Karp laughed, a welcome release from tension. “Right now I kind of hope so.”

“I hope so too. You could sell tickets,” said Marlene. “And I can't fail to note that I told you so on this.”

“Yes, dear,” said Karp flatly.

“Ah, the Olympic passive-aggression team takes the field. Time for me to get small. You coming?”

“In a minute. I need to make a call.”

She left, and he looked in his Rolodex to find a number that he called as infrequently as he could manage. It was late, but he figured the FBI's New York office would still be open, fighting crime.

The man who answered was about as unhappy to hear from Karp as he was to have to call. They wasted no time on pleasantries.

“I need some information, Pillman,” said Karp.

Elmer Pillman was the FBI agent in charge of liaison with the criminal justice authorities of the greater metropolitan area. Once in the course of an investigation, he had made a very big mistake, a mistake that would certainly have ended his career and landed him in prison, a mistake that Karp had discovered. Karp had not ratted him out, however, for reasons of his own.
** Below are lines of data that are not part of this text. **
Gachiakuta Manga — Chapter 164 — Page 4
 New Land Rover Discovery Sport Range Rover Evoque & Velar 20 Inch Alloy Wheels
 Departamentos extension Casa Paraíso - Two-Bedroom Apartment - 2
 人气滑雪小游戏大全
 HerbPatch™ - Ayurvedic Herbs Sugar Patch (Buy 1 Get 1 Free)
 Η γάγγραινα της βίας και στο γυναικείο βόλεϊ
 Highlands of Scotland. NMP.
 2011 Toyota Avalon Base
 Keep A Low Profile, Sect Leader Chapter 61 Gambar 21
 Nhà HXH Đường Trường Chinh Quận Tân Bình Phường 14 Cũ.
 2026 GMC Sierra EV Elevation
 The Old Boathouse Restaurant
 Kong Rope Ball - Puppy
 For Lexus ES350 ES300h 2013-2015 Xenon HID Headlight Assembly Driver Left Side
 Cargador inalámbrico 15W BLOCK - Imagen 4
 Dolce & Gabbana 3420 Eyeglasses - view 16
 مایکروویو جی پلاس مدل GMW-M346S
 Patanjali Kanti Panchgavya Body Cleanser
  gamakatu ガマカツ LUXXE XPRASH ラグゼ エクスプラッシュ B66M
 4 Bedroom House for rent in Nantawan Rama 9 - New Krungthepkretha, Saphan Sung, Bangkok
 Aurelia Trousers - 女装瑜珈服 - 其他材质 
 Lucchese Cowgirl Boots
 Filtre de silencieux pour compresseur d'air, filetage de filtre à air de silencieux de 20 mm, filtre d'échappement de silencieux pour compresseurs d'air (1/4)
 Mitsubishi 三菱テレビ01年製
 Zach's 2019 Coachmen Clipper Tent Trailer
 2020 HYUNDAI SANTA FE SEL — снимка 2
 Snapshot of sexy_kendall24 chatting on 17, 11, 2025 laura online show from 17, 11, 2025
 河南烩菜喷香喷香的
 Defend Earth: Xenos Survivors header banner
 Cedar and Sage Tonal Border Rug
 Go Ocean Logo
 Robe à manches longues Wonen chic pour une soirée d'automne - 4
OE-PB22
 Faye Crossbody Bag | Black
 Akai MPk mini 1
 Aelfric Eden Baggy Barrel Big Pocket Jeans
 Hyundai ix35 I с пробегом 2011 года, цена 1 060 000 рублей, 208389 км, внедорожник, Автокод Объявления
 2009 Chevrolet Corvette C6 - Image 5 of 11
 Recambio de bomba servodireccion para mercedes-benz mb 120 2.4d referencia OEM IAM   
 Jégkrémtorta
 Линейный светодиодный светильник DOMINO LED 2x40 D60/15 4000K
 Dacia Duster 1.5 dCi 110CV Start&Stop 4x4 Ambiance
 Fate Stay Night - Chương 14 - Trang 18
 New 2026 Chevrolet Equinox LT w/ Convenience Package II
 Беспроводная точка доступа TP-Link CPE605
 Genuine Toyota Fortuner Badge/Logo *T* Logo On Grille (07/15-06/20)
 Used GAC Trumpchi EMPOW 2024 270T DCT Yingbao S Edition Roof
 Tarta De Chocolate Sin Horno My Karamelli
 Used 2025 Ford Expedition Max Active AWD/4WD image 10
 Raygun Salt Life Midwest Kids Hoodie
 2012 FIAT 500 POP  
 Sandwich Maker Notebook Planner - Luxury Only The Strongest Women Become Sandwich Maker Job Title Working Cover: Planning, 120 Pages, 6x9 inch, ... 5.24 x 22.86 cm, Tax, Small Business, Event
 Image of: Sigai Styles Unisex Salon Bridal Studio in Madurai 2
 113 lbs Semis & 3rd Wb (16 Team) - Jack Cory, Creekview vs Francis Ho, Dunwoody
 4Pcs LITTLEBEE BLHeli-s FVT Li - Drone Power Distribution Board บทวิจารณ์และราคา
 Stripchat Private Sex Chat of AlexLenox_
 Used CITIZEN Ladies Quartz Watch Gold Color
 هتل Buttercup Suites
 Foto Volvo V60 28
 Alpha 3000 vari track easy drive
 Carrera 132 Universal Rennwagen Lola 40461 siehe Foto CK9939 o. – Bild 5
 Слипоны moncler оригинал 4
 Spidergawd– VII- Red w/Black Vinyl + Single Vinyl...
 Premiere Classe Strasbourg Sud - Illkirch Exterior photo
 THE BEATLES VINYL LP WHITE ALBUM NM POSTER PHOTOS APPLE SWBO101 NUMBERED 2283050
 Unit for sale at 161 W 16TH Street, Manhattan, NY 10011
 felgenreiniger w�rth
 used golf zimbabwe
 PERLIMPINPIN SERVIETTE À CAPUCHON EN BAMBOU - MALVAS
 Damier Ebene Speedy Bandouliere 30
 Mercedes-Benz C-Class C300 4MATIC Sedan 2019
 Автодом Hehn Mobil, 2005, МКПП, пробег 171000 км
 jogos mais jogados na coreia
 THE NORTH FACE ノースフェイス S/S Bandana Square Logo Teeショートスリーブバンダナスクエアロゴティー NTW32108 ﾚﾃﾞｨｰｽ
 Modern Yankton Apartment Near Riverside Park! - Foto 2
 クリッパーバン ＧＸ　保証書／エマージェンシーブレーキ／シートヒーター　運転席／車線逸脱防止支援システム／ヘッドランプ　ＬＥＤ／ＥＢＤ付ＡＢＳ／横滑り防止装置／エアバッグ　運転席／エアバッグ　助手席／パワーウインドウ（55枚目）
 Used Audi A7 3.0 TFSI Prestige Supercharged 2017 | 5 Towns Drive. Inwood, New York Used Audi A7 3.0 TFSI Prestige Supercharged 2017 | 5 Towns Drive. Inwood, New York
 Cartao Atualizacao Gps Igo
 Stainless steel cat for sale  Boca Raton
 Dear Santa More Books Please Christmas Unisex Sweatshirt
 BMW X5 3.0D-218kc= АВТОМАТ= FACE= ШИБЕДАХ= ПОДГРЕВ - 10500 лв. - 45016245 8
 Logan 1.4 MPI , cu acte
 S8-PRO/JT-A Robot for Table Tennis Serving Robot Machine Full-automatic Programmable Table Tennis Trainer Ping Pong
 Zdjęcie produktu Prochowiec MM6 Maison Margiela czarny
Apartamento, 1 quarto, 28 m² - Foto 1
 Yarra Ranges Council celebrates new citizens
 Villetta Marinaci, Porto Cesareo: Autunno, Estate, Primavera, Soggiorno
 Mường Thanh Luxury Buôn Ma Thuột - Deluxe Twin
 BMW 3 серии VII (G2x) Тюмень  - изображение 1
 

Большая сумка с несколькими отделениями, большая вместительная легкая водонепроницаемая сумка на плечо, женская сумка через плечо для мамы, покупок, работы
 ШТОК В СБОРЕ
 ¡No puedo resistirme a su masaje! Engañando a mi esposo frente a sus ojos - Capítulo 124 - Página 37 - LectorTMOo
It made for a peculiar and prickly relationship.

“About what?” asked Pillman after a meaningful pause.

“Armenian terrorism.”

A pause. “You said Armenian? What, are you writing a term paper? You mean historical stuff?”

“No, current. Here, in the City.”

“There ain't none. No, wait, this must be about that Turkish attaché who got popped the other week.”

“That's right,” said Karp. “You're interested in that?”

“Not particularly.”

“Then you don't think it was a terrorist job?”

“I didn't say that,” Pillman snapped. “Don't put words in my mouth. It's just that Armenian organizations have no record of assassinations in the U.S. We have no evidence that they're about to start. Europe, that's another story.”

“They whack people in Europe?”

“They did at one time, a lot. Still do occasionally. Turks. Back in the twenties, they got all the people responsible for the so-called massacres. Gunned them down on the street, nearly every one of them. Recently? Not much. Couple of bombs, a shooting. Mostly young … I guess you can't call 'em young Turks, can you?” He chuckled. “Nothing like the Arabs. Or the Krauts for that matter.”